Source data
========================================================================
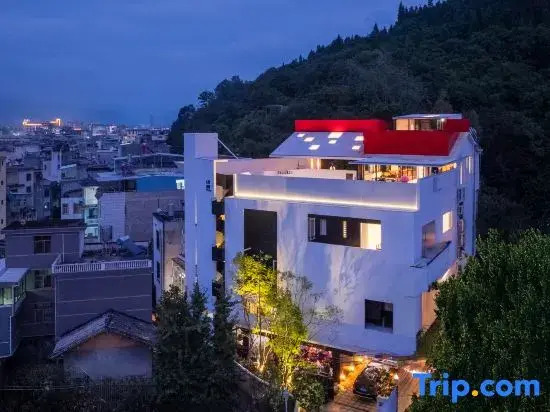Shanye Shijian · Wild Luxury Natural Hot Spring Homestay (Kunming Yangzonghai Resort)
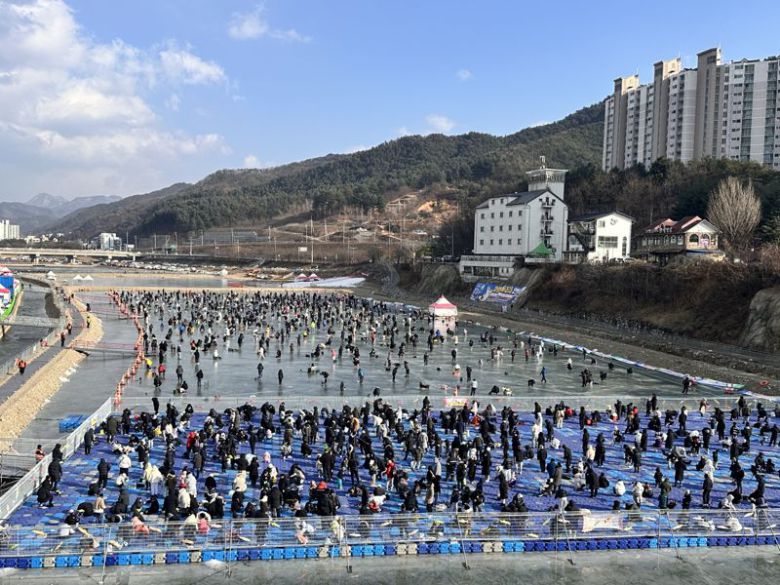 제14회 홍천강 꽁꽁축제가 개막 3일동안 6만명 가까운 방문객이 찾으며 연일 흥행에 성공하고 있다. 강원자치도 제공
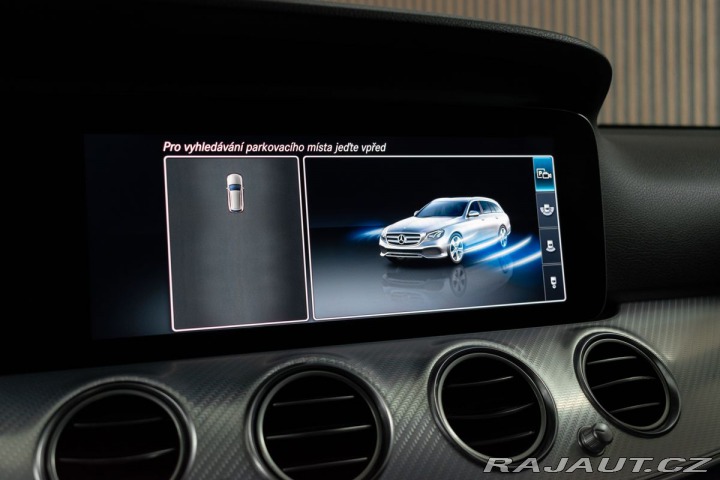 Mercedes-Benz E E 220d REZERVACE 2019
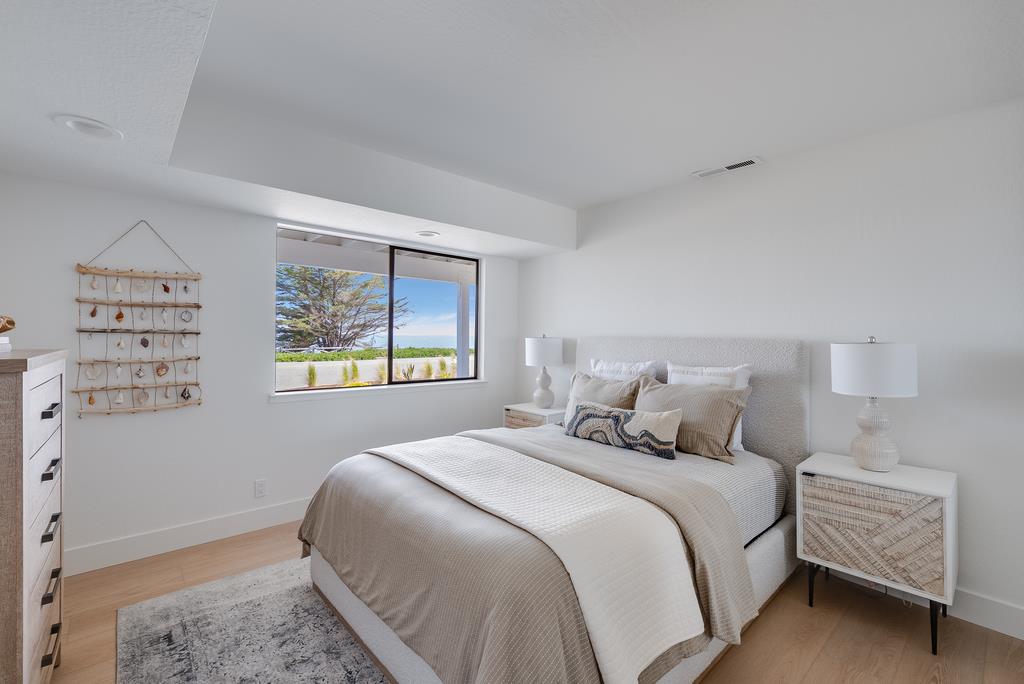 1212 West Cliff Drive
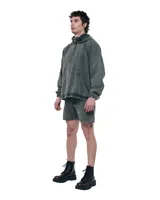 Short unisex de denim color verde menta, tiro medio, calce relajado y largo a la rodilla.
========================================================================
### [About this task]
Retype exactly the lines above, starting at the line containing "1212 West Cliff Drive" and ending with the last line, both included; leave out the pictures.

### [Expected answer]
 1212 West Cliff Drive
 Short unisex de denim color verde menta, tiro medio, calce relajado y largo a la rodilla.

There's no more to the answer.